We were sitting out on Michelle’s balcony. She lived on a high floor and had a great southern view of the city. City View was the name of the development.  I remember looking at all of the burned out bulbs on the top of the PECO building. I always found that ironic. THE ELECTRIC COMPANY CAN’T CHANGE THEIR BULBS WHEN THEY BURN OUT.

They have since replaced the whole moving signage with more energy-efficient LED lights.

We were sipping chardonnay as usual. Laughing, smoking and chatting away the evening. Then this horrible sentence happened:

Michelle: “You know…it’s been awhile since I got my period. I think I’m late.”

No man ever wants to hear these words. My father drilled into my brain as a boy how being on time is a super important thing.

But this a whole different kind of “Late.”

I told her she was probably fine and just miscounted the days or something.

This is Def Con 4 boys….

She goes and gets a pregnancy test. Literally runs over to the drugstore across the street to get one. (Women are awesome. They know things) She comes back. I’m still sipping and smoking.

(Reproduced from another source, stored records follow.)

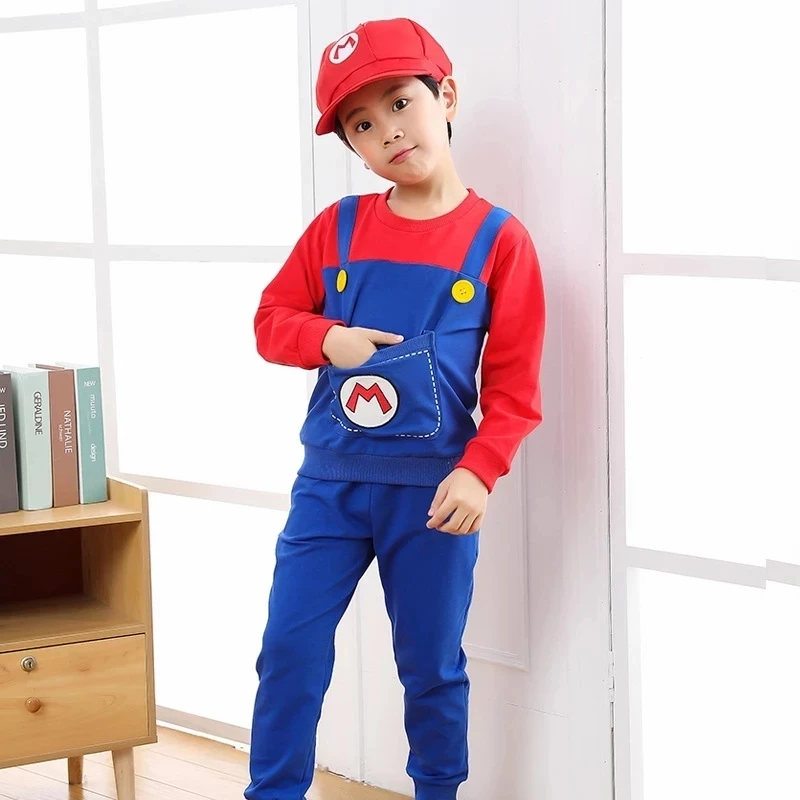 2021 New Game HOT Clothes Super Marios Children\'s Bib Dress Luigi Cosplay Costume Anime Family Set Boys Girls Kids Gifts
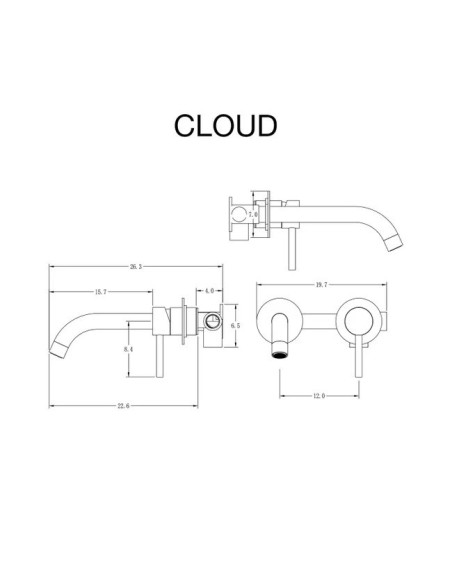 Mitigeur mural Cloud Or brossé PVD /Sky Bath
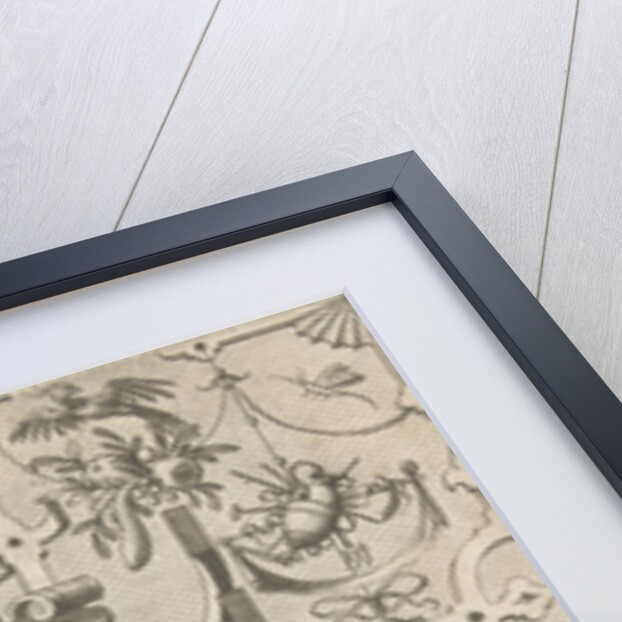 Cartouche surrounded by grotesques by Hieronymus Cock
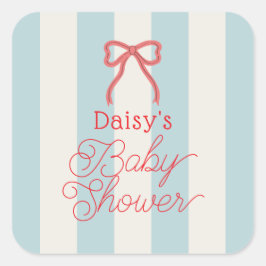 Adesivo Quadrado Red Bow & Blue Stripes Baby Shower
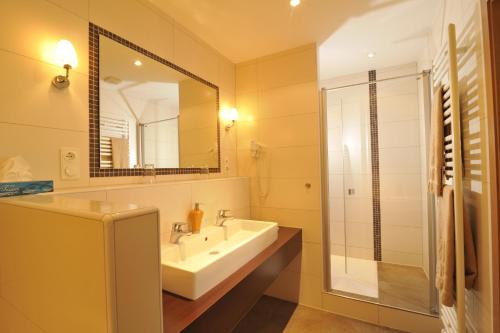 a bathroom with a sink and a mirror at Hotel Dreimädelhaus in Espelkamp-Mittwald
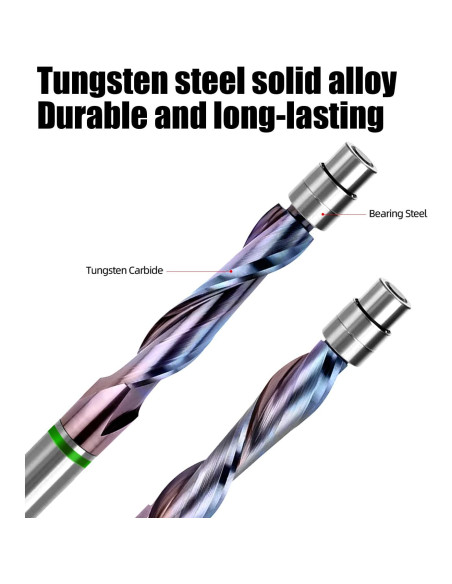 Bit de Fresado de Carburo Ganzoom 1/4" Corte Descendente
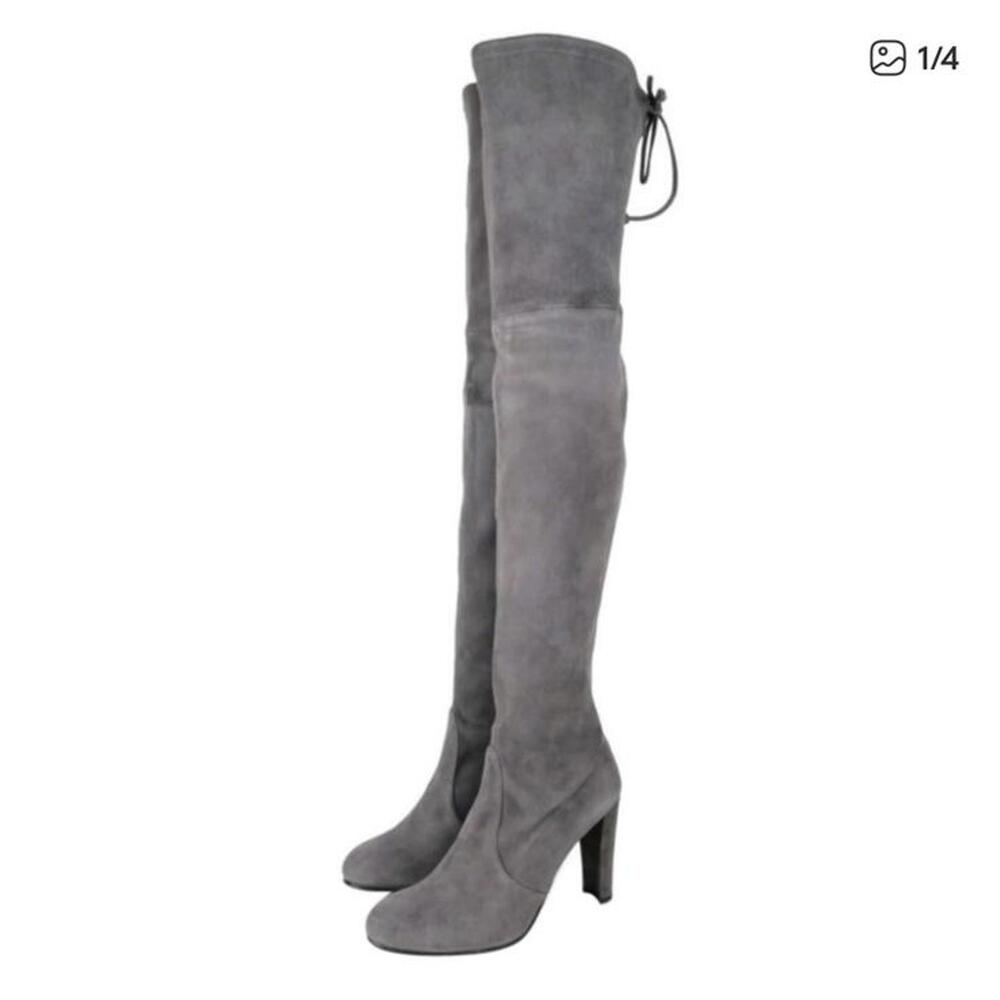 Stuart Weitzman Women Highland Slate Suede Over the Knee Boot Size 9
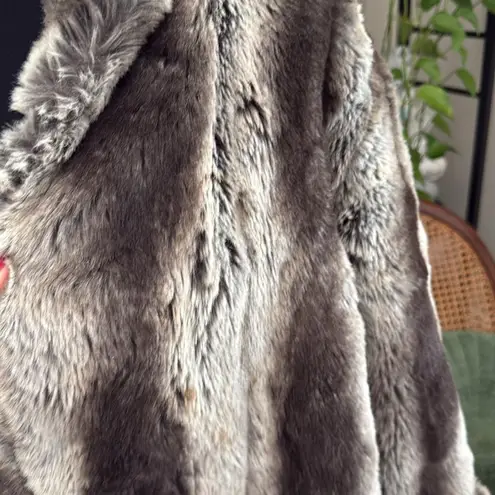 Vintage Le Coat Tissavel France Silvery Brown Cruella Open Front Faux Fur Coat Silver Size L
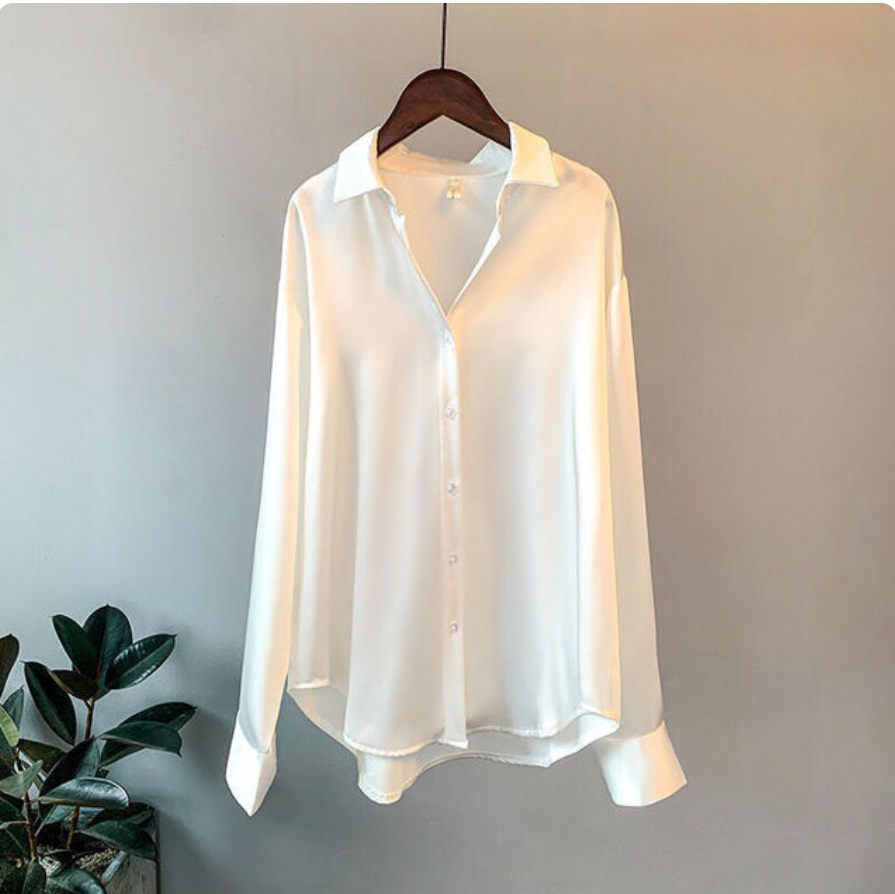 Damen Bluse Langärmelig Übergroß Lässig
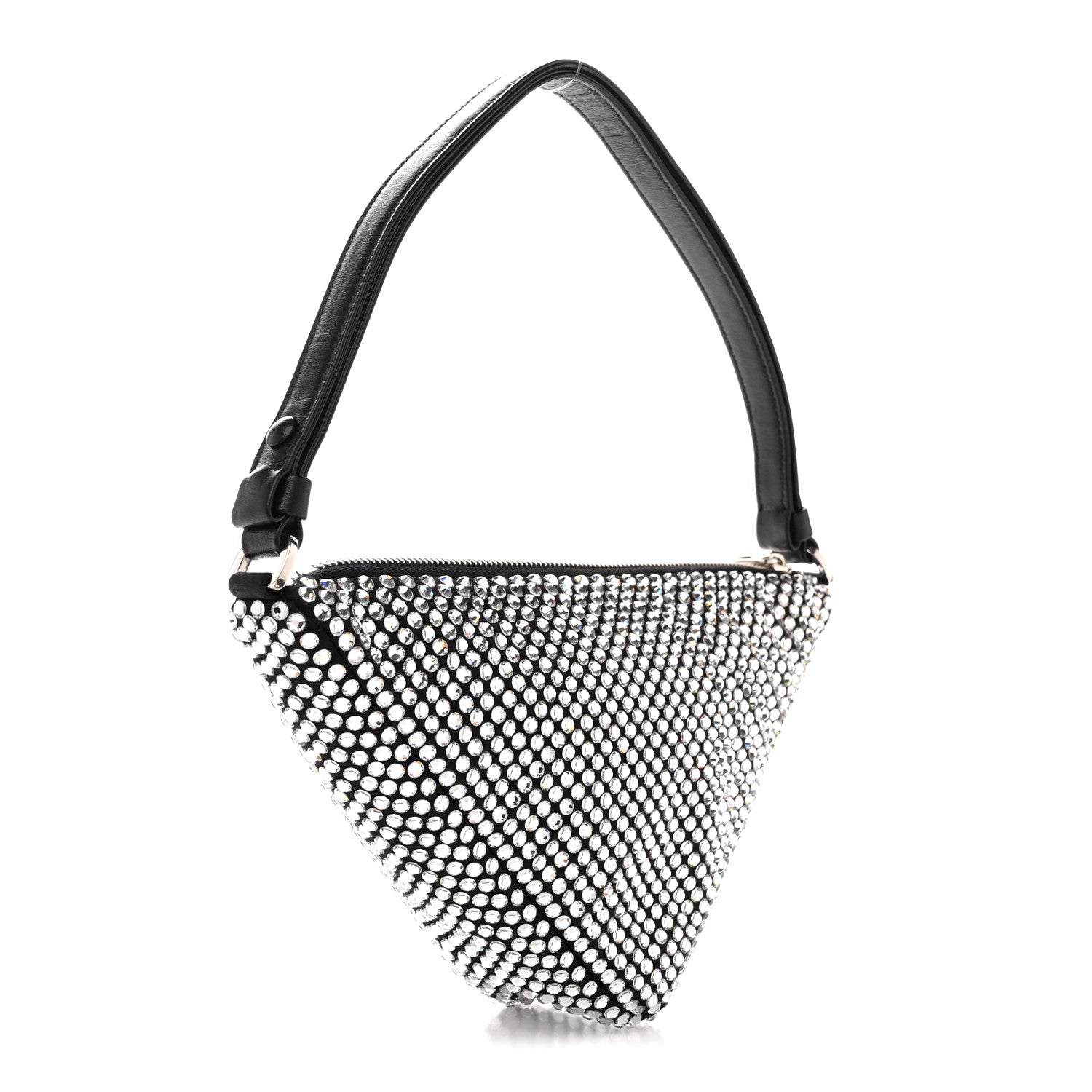 Satin Crystal Triangle Pouch Cristal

She goes into the bathroom.

Within a few minutes, the next thing I hear is:

“Ohhhhhhhhhh Fuuuuuuuck!

I think at that moment I was glad I had a bunch of wine in me. Michelle came out and showed me the wand with the little plus sign on it.

There’s nothing “positive”about seeing that. But I guess for some it’s a moment of great joy.

For us, that was definitely not the case.

Michelle was not on the pill. I don’t remember why not, but taking that every day can have some negative effects on a woman’s body. That’s probably why she wasn’t on it. I remember using condoms a lot but apparently not enough. So stupid of me. I could say, “I don’t know how that could have happened!” But you don’t slip and fall into someone.  Whoops! Sorry I got you pregnant. That is one mighty sperm out of millions that makes that fateful journey and wins the race. Once that one guy lands on that tiny planet, there is an electrical charge. No one else can get in. That’s why I don’t believe in artificial insemination.

If you fuck someone and get them pregnant, your biology lines up. If you’re trying, and you don’t have enough guys or they’re not swimming, or if somethings wrong with her goods down there, maybe it’s not meant to be. Maybe biology says you’re not a genetic match to procreate. I know this all sounds a little Aryan but it’s just science.

Why should some doctor pick a few of your dudes and plug them into a few eggs and hope for a couple of weak fraternal twins. Did God pick up Christopher Columbus by the scruff of the neck and drop him off in North America? Did Aliens come down from space and pick up Neil Armstrong and drop him off on the fucking Moon? No. You need to fight for that shit. You need to be Michael Phelps. Be the one who wins and gets there first. That’s what species do. So I am a firm believer in natural selection. But I’m also a fan of abortion.

That’s why the crime level went down around the year Bill Clinton got into office. Because of Roe vs. Wade. Abortion was legalized and all of those poor, single mothers that would have had to raise kids in poverty and low-income environments got the right to choose for their own bodies. So all of those kids that would have grown up to be juvenile delinquents were never born to offend or clog our penal system. Think about that one for a minute.

Abortion is a good thing.

Just solid economics.

And one more thing on this subject. It’s not hard to make a baby. We are the most complex and evolved species on the planet. We build bridges, and airplanes, and literature and art and rocket ships, medicine, and amazing electronic technology. We do beautiful work as a species. We build cities and created civilization, for God’s sake!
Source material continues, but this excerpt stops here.